Puede que el gesto sea previsible y para algunos pecará de cierto efectismo pero lo cierto es que funciona: cuando el descontrolado protagonista de Mommy, la nueva película del canadiense Xavier Dolan, empuja los límites del formato hasta ampliarlo a pantalla completa, el espectador se contagia de esas ansias indomables de libertad. Que el chico vaya en bici y esté sonando el “Wonderwall” de Oasis también ayuda.

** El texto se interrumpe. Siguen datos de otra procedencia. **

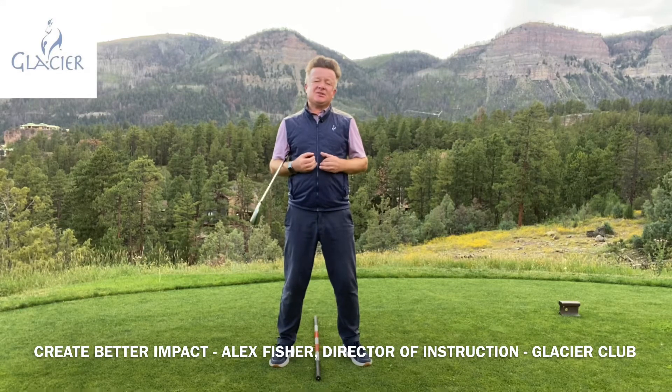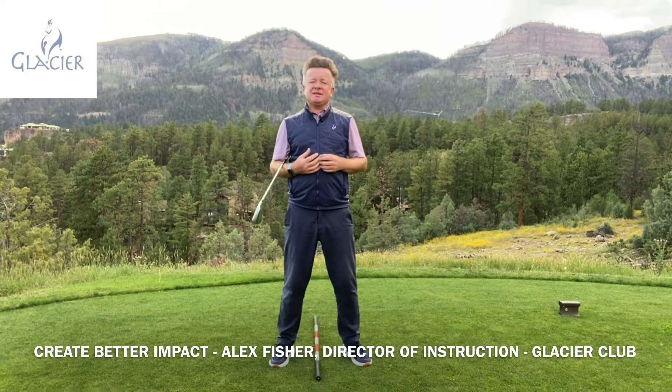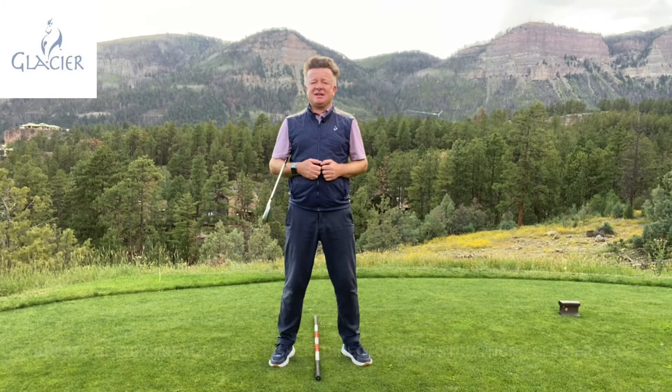Hey Glacier friends, Alex Fisher here for this month's golf tip. This month we're going to make a real impact on your golf game. Stick around and we'll show you how this simple drill is going to make you a better ball striker and more consistent in this game. Thanks for checking out this video.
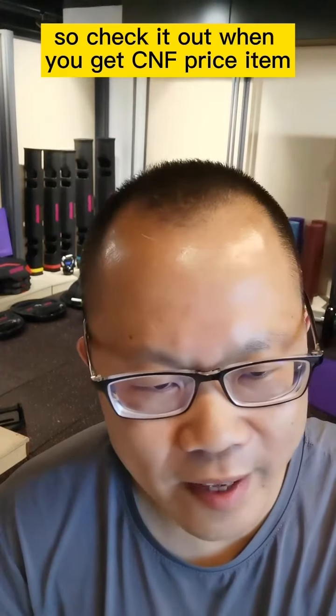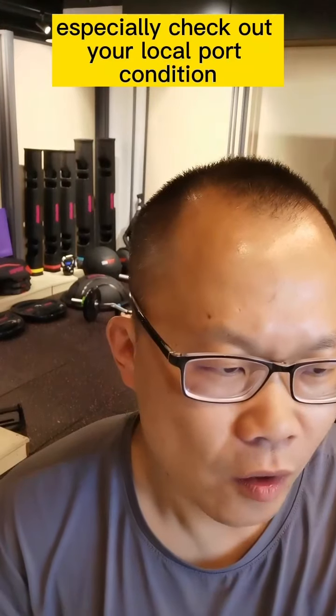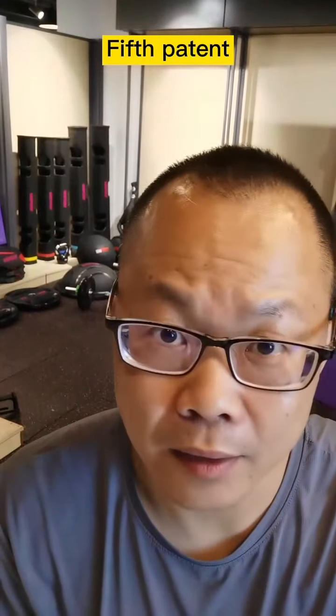So check carefully when you get a CNF price item — especially check your local port conditions. I think you will know better about this. Fifth: patent.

Recién inaugurada la 62 edición del Festival de San Sebastián, pudimos ver dos historias cuyos argumentos exploran las relaciones paterno filiales, pero con propuestas narrativas bien diferentes que parece conveniente comparar. Por un lado, esta vitalidad ansiosa de Dolan que no debería eclipsar la madurez con la que habla, de manera nada impostada, sobre la dependencia y la incompatibilidad que existe entre una madre y su hijo adolescente, Steve. Dolan (Tom à la ferme, 2013) construye personajes problemáticos que en manos de cualquier otro podían haber caído en el tremendismo más zafio o en el victimismo de telefilme. Al igual que su protagonista, Mommy es una película gritona, que patalea, inestable, pero todo dicho en el buen sentido. Gracias a su intensa personalidad, la película puede permitirse acudir a extremos emocionales sin llegar a derrapar. Yo, al menos, siempre le seguí de cerca, pegando la rueda de mi bici a la suya.

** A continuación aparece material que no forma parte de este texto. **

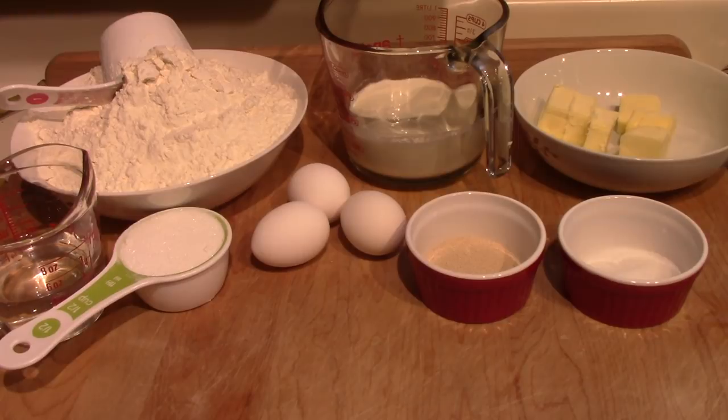Well, hello everybody. As the title indicates, I'm going to make Parker House Rolls, taking them to a Christmas party. It's that time of year when you have to start cooking and thinking about what you're going to take to the Christmas parties.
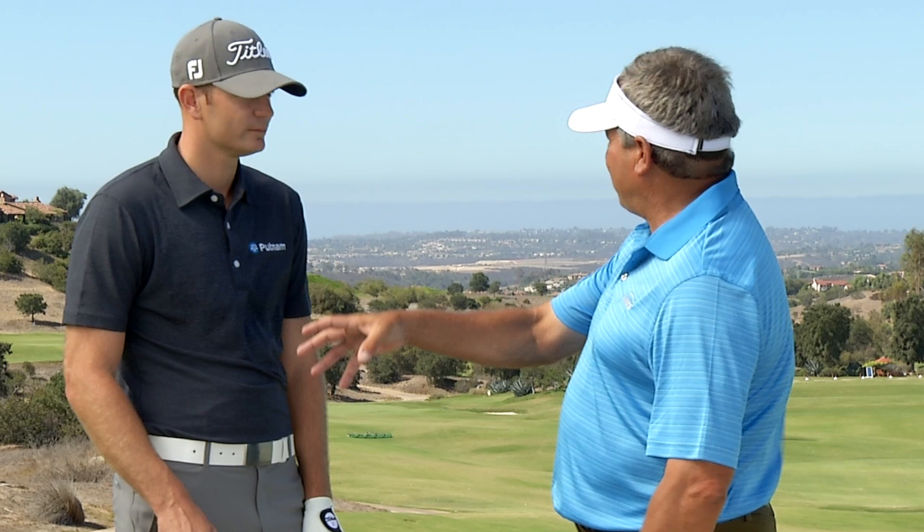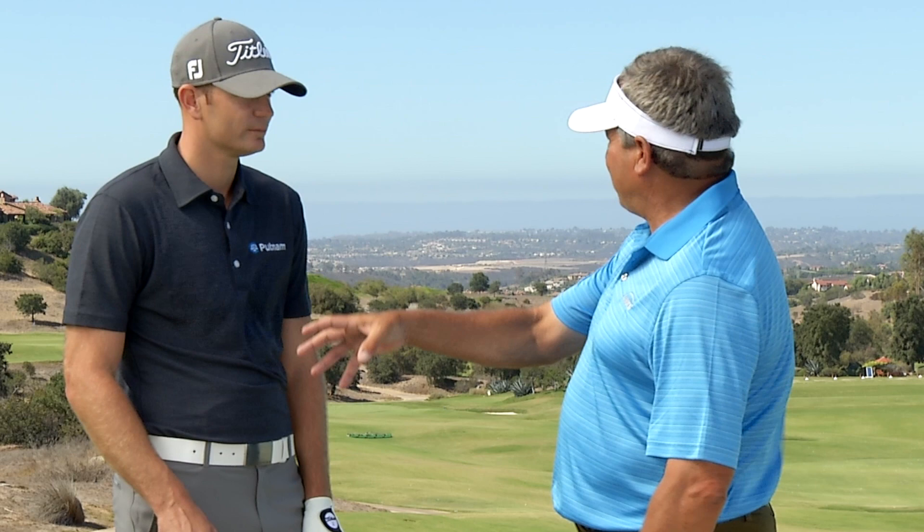It may not be exactly what you think you need or what your buddies have. And also, releasing the club — I think it's really interesting because I don't know if you consciously think about releasing the club, or because you have the right grip size and the grip pressure, will that club automatically release?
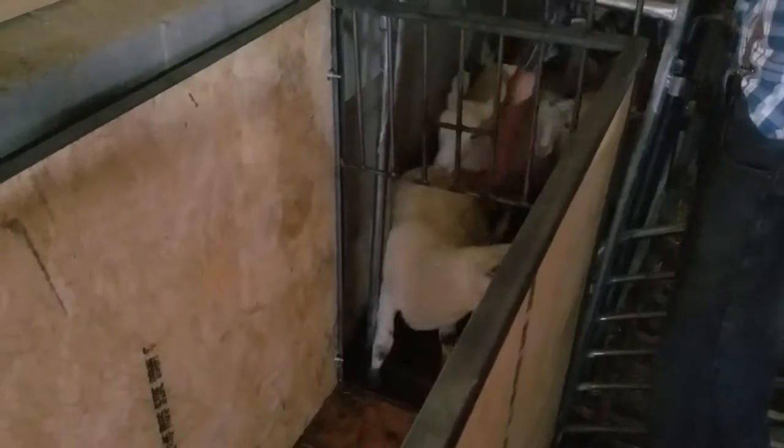We started this at about quarter after seven, and we'll process somewhere close to 180 animals in probably 50 minutes. It's 7:41 and we've already done 82 animals — 82 animals in 30 minutes. That's pretty good.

Por otro lado, y buscando esta misma capacidad expresiva pero en sus tonos más oscuros, el británico Daniel Wolfe explora en Catch me daddy el vínculo entre un padre y una hija, ambos de origen pakistaní y residentes en el Reino Unido. Ella huyó de casa por motivos que desconocemos y su padre inicia una persecución para intentar que regrese. Esta es la premisa y poco más avanzaremos porque, queriendo no contar demasiado, Wolfe acaba contando demasiado poco. El pasado de los personajes está rodeado de un halo críptico que si bien al comienzo consigue sugerir muchas preguntas después acaba provocando cierta desmotivación. Cuando la película convierte otra vez a los perseguidos en perseguidores, el juego del gato y el ratón deja de tener sentido y el desenlace no aporta la coherencia necesaria.

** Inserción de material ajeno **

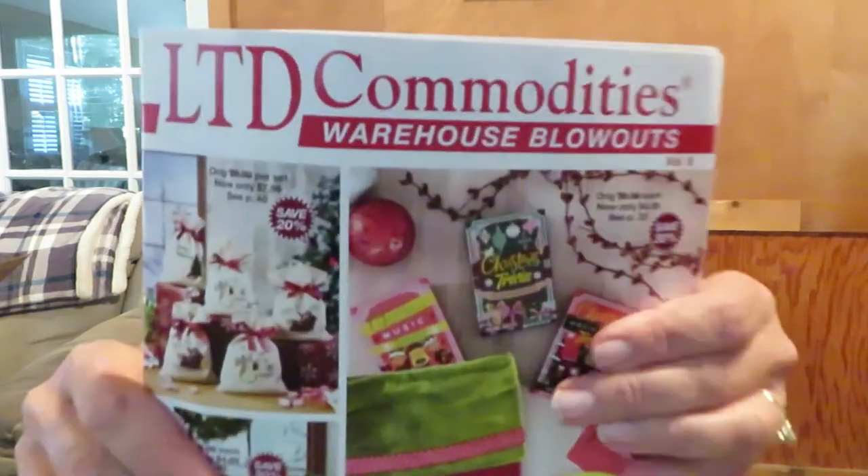Hey everyone, down here and it's been a long day — a long couple of days, a long couple of months. I don't know, anyway I'm tired. I did get a package in the mail today and it is from LTD Commodities. This is a book that has different odds and ends, kind of cool stuff in it. I'm not sponsored by them in any way but I do like their products, I've gotten stuff from them before.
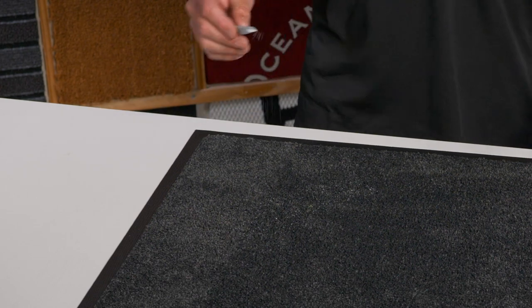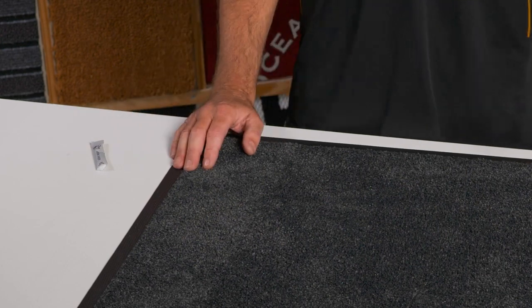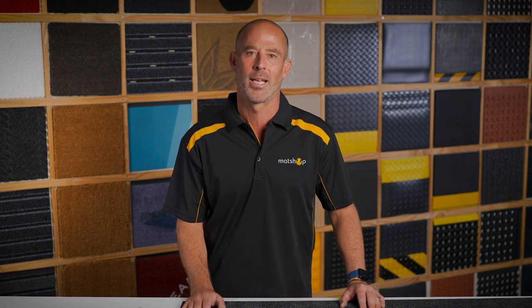This mat not only removes dirt, it hides it really well. Any debris actually gets absorbed into the mat leaving your floor clean and damage free. Once it does get full, this nylon twist mat can be easily machine washed, so this is a great option for anyone looking to do minimal cleaning.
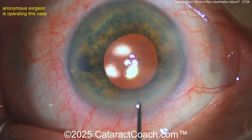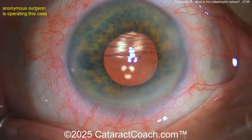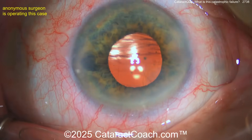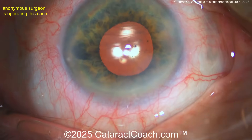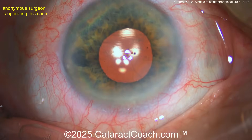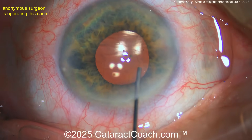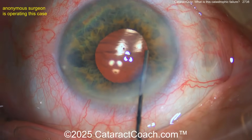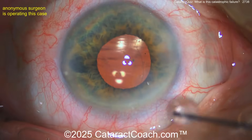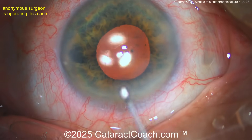You see that line — an OCT would be really helpful here, but we don't routinely use that. The more you manipulate this the worse it's going to be. Go through the left-side paracentesis with a big air bubble. There's a big detachment of Descemet's — very long. That line there is detached Descemet's, not the capsule; it's anterior, right up against the corneal endothelium.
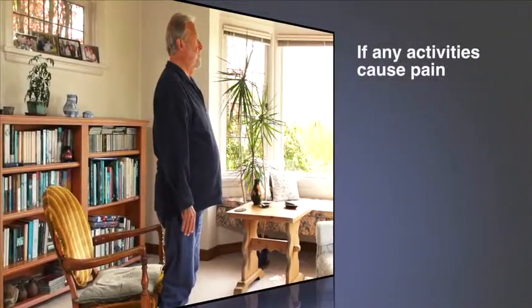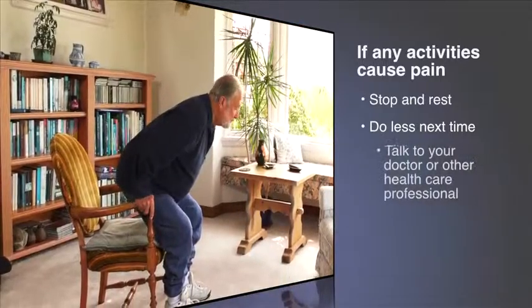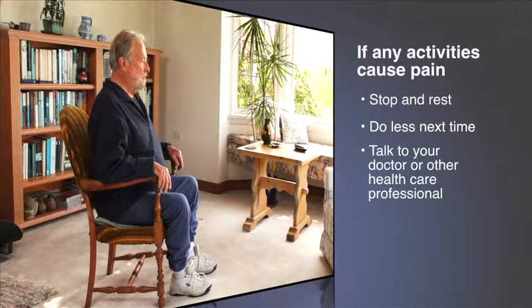If any of these activities cause pain or shortness of breath, stop and rest. Do less another day. Talk with your doctor or other health care professional.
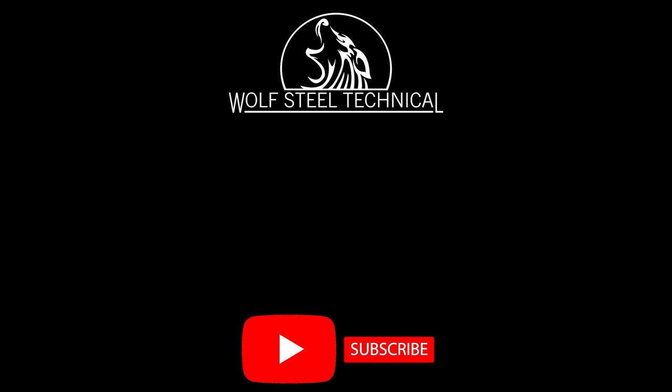Click here to view the Wolf Steel Technical YouTube page. Like and subscribe to our channel to get notifications for new product and troubleshooting videos.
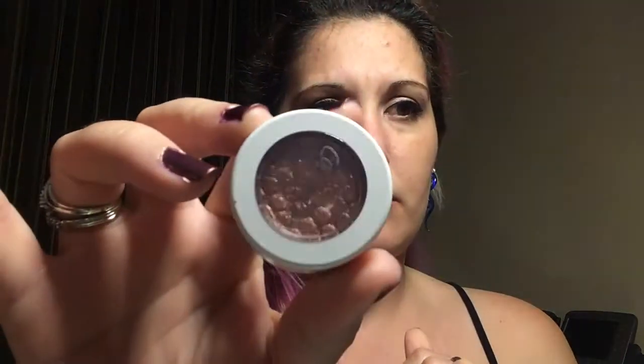They don't say how much product is in them, but I'm going to assume each one is about a gram because most eyeshadows are. I used Sequin once or twice, and there's no discernible use visible. I used Static once — you can kind of see that — but I really haven't used too many of them.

Si esta delicada tarea de saber cuánto contar (gritar) fuera una competición, Alberto Rodríguez se llevaría el premio al más preciso. En La isla mínima no se echa nada en falta y apenas sobran cosas (¿quizá ese penúltimo plano?). Acostumbrados a que las películas de género abusen de los diálogos para dejar más que claras -masticadas- las líneas de investigación, La isla mínima se aleja de cualquier atajo de este tipo y construye poco a poco una base sólida sobre la que el argumento y los personajes nunca dejan de crecer. No hay subtramas de regalo ni sospechas que resientan su verosimilitud. Más allá del thriller, el contexto histórico -los años 80- da pie a un planteamiento político y a una idea acerca de la Transición representada por la pareja de policías protagonista (Raúl Arévalo y Javier Gutiérrez). La película nos introduce en su perturbador paisaje, bellamente fotografiado por Alex Catalán, con una serie de planos aéreos que sobrevuelan el parque de Doñana y las orillas del Guadalquivir. Este punto de vista tan alto, tan cenital y observador no se corresponde con un emisor de juicios (Rodríguez expone sin moralinas), quizá lo podríamos interpretar como una gran lupa que nos muestra cómo los grandes conceptos (esos acerca de la reinserción, la memoria, el olvido) también existen en los casos más pequeños. Contando lo justo, Rodríguez cuenta mucho más.